Solve for Motivation, Not Productivity
Why productivity is rarely the problem and motivation is the real engine.
They’re trying to be more productive.
They tweak routines, install apps, track hours, design perfect mornings. They ask how to squeeze more output from the same day. And when it doesn’t work, they assume they’re undisciplined or broken.
But productivity is rarely the root problem.
Motivation is.
You can see this clearly at work. Take a common situation: someone joins a new project and suddenly feels “less productive.” Tasks take longer. Procrastination creeps in. They start looking for better tools or stricter schedules.
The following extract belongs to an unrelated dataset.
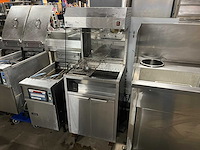 Casselin - friet serveerstation - overige warmhoudapparatuur - afbeelding 2 van  2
Then, a few months later, they’re pulled into a different problem — something messy, ambiguous, and interesting. Almost overnight, the same person is staying late, thinking about the problem in the shower, sketching ideas on weekends. No new system. No new habit. Just renewed motivation.
Nothing about their ability changed. Only what they cared about did.
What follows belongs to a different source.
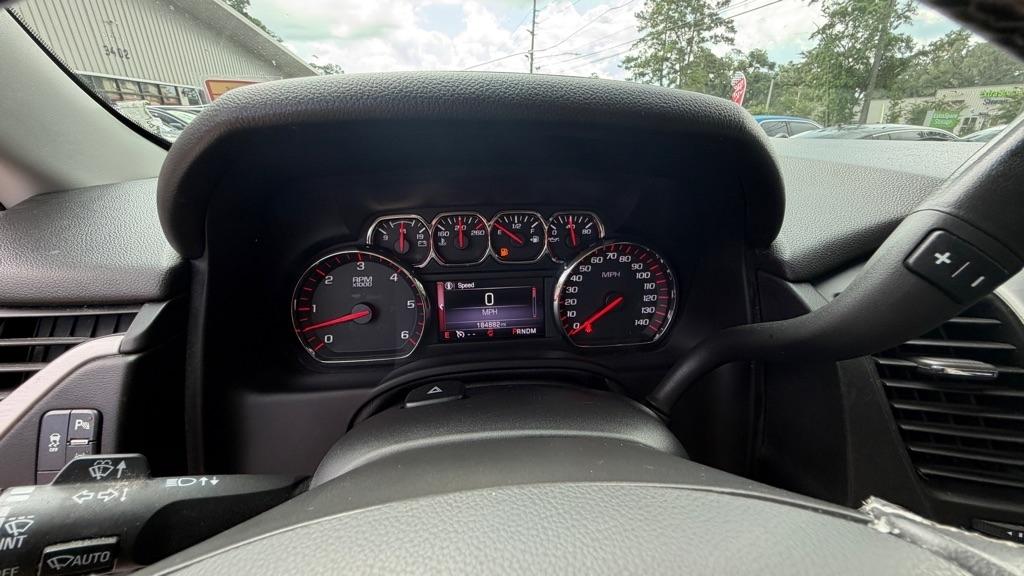 GMC Yukon 4WD 4dr SLT 2016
Most of us already have proof of this.
Think about a time when you were deeply motivated — a project you were excited about, a problem you couldn’t stop thinking about. You didn’t need reminders. You didn’t need hacks. You didn’t ask how to be productive. You just worked. Hard. For long stretches. Often without noticing the time.
That’s not a productivity trick. That’s motivation doing its job.
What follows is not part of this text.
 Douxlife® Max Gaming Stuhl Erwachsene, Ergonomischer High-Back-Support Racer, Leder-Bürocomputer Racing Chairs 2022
If you have a proven history of working hard — and most people do — then lack of productivity today is usually not a discipline problem. It’s a signal. Something is misaligned. The work doesn’t connect. The problem doesn’t feel meaningful.
Trying to fix that with more discipline is like pressing the accelerator when the engine isn’t firing.
Solve for motivation first.
That might mean changing what you work on. Or how you work. Or who you work with. It might mean reconnecting with why you started, or admitting that the thing that once motivated you no longer does.
Productivity is an outcome, not a goal.
When motivation is real, productivity becomes almost boringly inevitable.